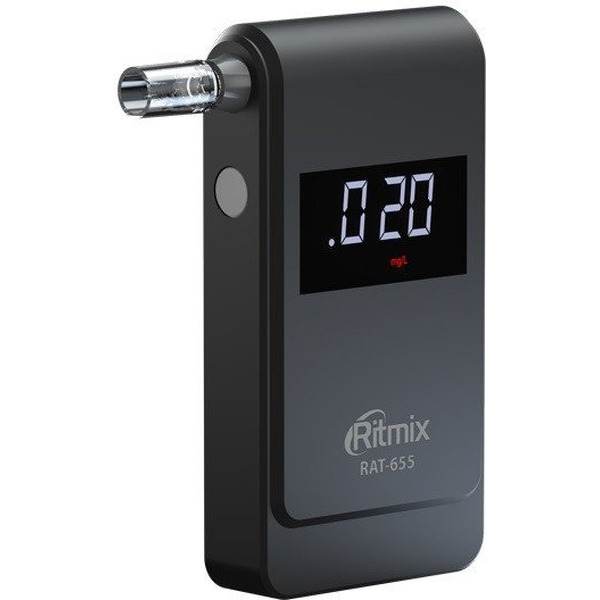 Алкотестер Ritmix RAT-655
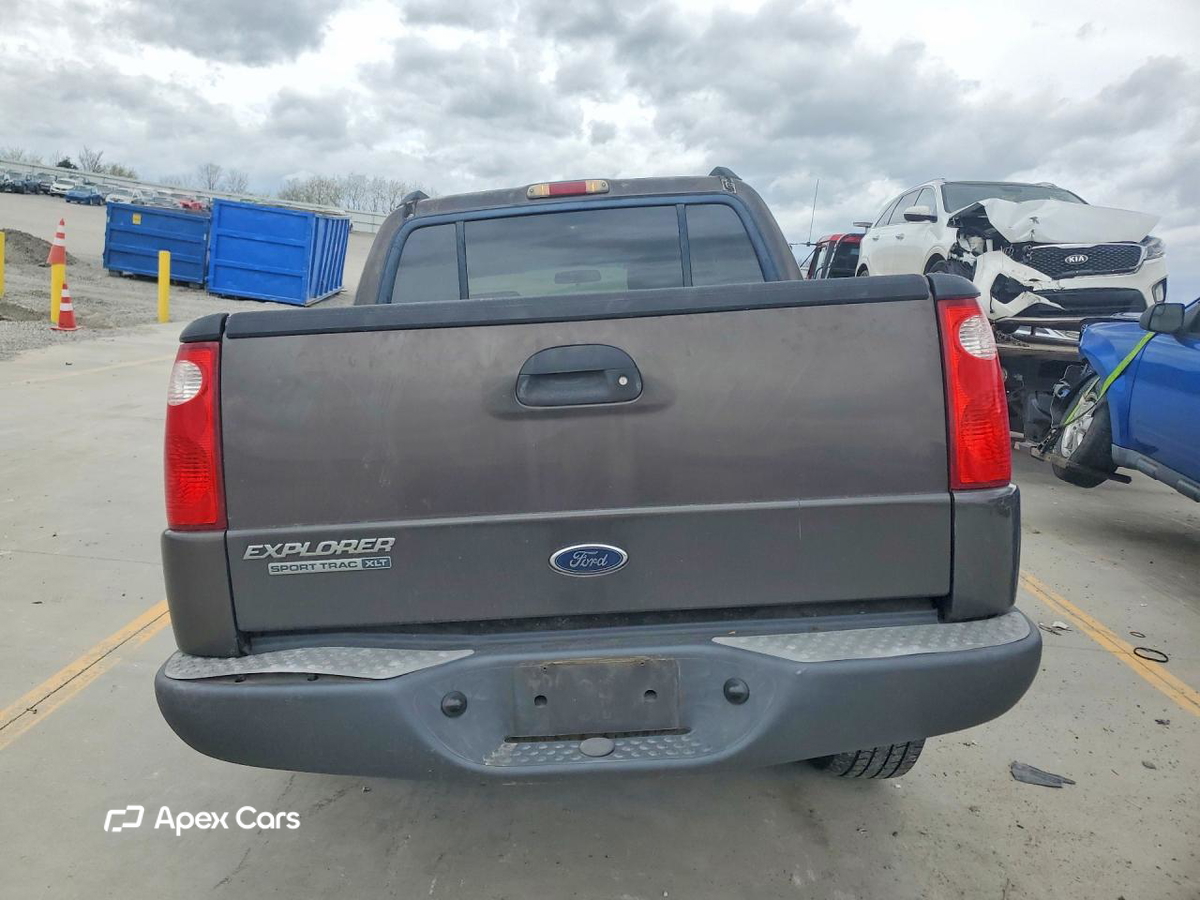 Ford Explorer 2005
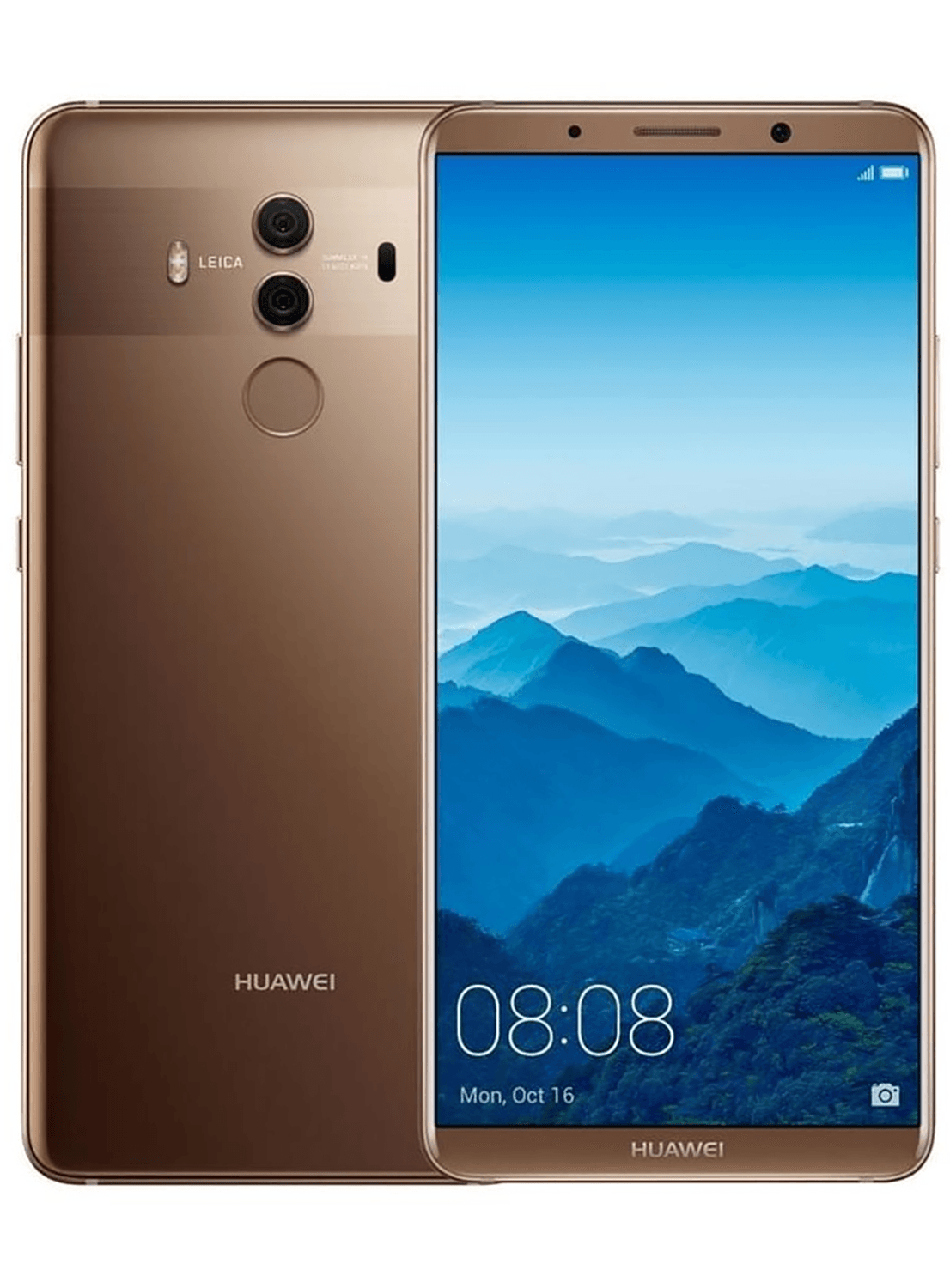 Huawei Mate 10 Pro Single Sim - CarbonPhone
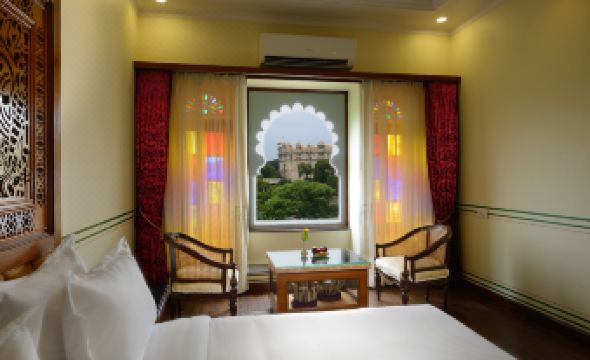 Aaram Mahal by Pachar Group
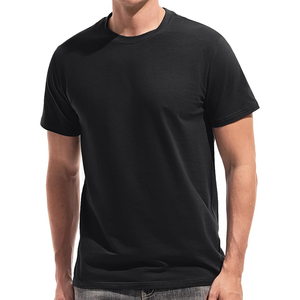 Camiseta de Hombre Personalizada con Logotipo, Regalos Promocionales Empresariales, Tejido Formal, Ecológica, de Poliéster/Algodón, de Secado Rápido y Transpirable - Product Image 4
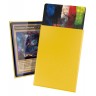 Протектори за карти Ultimate Guard Cortex Sleeves Japanese Size - Жълти (60 бр.)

◆ ◆ ◆

YOUR GOAL :: The copy must start at the line containing "Ford Explorer 2005" and end at the last line of the records, matching each line exactly and holding no pictures.

WRITTEN SOLUTION ::
 Ford Explorer 2005
 Huawei Mate 10 Pro Single Sim - CarbonPhone
 Aaram Mahal by Pachar Group
 Camiseta de Hombre Personalizada con Logotipo, Regalos Promocionales Empresariales, Tejido Formal, Ecológica, de Poliéster/Algodón, de Secado Rápido y Transpirable - Product Image 4
 Протектори за карти Ultimate Guard Cortex Sleeves Japanese Size - Жълти (60 бр.)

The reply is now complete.